Sambil menahan gemasnya terhadap Rini, Dinda pun segera mengunci pintu rumah dan bergegas menyusul ke mobil. Ia duduk di balik kemudi, sementara Rini sudah asik sendiri dengan i-Padnya dan merancang gaun pengantin pesanan salah satu langganan di butik milik wanita itu. Dinda melajukan mobilnya pelan-pelan keluar dari gerbang rumahnya, menuju ke arah Malangbong. Daerah Cijanur yang kini kembali Dinda tinggali itu, agak jauh berbeda dengan kondisi Cijanur pada masa remajanya. Jauh lebih sepi dan jauh lebih hening, terutama saat tiba waktu shalat maghrib.

Namun hal itu tak juga menyurutkan niat Dinda untuk kembali tinggal di sana. Saat ada pemilik tanah kosong yang sejak dulu tak pernah menjual tanahnya tiba-tiba memasang pengumuman, Dinda pun segera mengambil kesempatan itu dan membeli tanah milik orang tersebut. Tanah kosong itu berlokasi di dekat masjid, tepatnya berada di seberang dari masjid tersebut. Dinda pun membangun sebuah rumah dua lantai yang tidak terlalu besar, dan sisa tanahnya ia gunakan untuk membuat halaman yang luas dan asri. Tak lupa, Dinda menambahkan gazebo di halaman itu untuk bersantai pada hari minggu bersama Rini--sahabatnya.

Semua berjalan dengan sangat lancar, sampai pada akhirnya Dinda benar-benar kembali pindah ke Cijanur untuk menempati rumah itu. Masalah kondisi daerah yang sepi dan tak sama seperti dulu, Dinda hanya berpikiran positif. Menurutnya, mungkin hal itu terjadi karena perkembangan zaman dan juga banyak anak-anak kecil di daerah itu kini sudah menjelma menjadi sosok orang dewasa yang sama seperti dirinya. Mereka pasti ada yang sudah berkeluarga, punya pekerjaan, dan juga mungkin saja ada yang sudah merantau jauh keluar dari Malangbong ke kota lain.

Yang jelas, Dinda hanya ingin kembali tinggal di Cijanur dengan harapan akan mendapat suasana yang tenang. Ia adalah seorang penulis novel, yang mana ketenangan adalah hal paling utama yang ia butuhkan jika ingin mendapat tulisan yang sempurna. Maka dari itulah, Dinda akhirnya tidak mempermasalahkan sama sekali tentang kondisi sepinya daerah Cijanur.

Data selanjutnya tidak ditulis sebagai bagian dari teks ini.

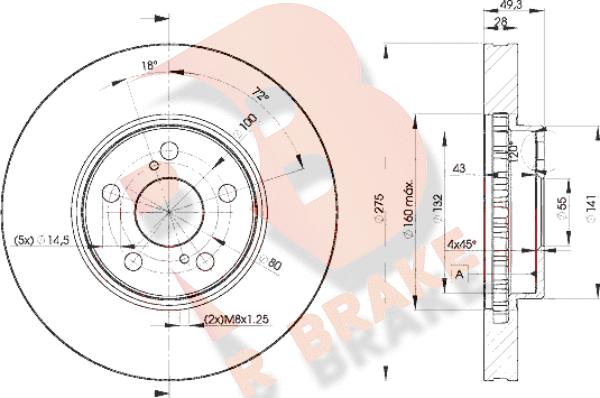 R Brake 78RBD20600 - Əyləc Diski furqanavto.az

"Lo mau makan apa, Rin?" tanya Dinda.

"Nasi," jawab Rini.

"Oh, Nasi? Kirain lo mau makan batu!" sewot Dinda, akan jawaban absurd sahabatnya.

Rini pun terkikik geli, karena merasa berhasil memancing emosi Dinda.

"Ya, pokoknya gue mau makan yang enak, yang sehat, yang bergizi, dan yang paling penting adalah ... gratis," ujar Rini, sangat spesifik.

Dinda hanya bisa mencebik dan mengumpat dalam kesunyian. Hanya mulutnya saja yang bisa ia gerakkan ke kanan dan ke kiri tanpa mengeluarkan suara sama sekali.

"Jangan suka mencaci-maki tanpa suara, Din. Takutnya nanti ada setan yang lewat, terus mikir kalau elo enggak butuh sama suara yang lo punya. Terus dia tiba-tiba ngambil suara lo, sehingga elo jadi enggak bisa ngomong lagi seumur hidup," pesan Rini.

"Apaan sih, Rin? Kok jadi bawa-bawa setan, sih? Sekalinya setan datang dan gangguin elo, nanti gue lagi yang bakalan susah," omel Dinda.

"Susah? Susah kenapa, lo? Elo 'kan indigo. Susahnya di mana kalau harus ngusirin setan dari samping gue?" tanya Rini, ikut mengomel.

"Elo penakut, Rin! Itu yang jadi pusat masalahnya. Nyai Kun-kun bunyi sedikit aja, lo udah langsung pingsan. Pakai sok-sokan bahas-bahas setan segala lo!"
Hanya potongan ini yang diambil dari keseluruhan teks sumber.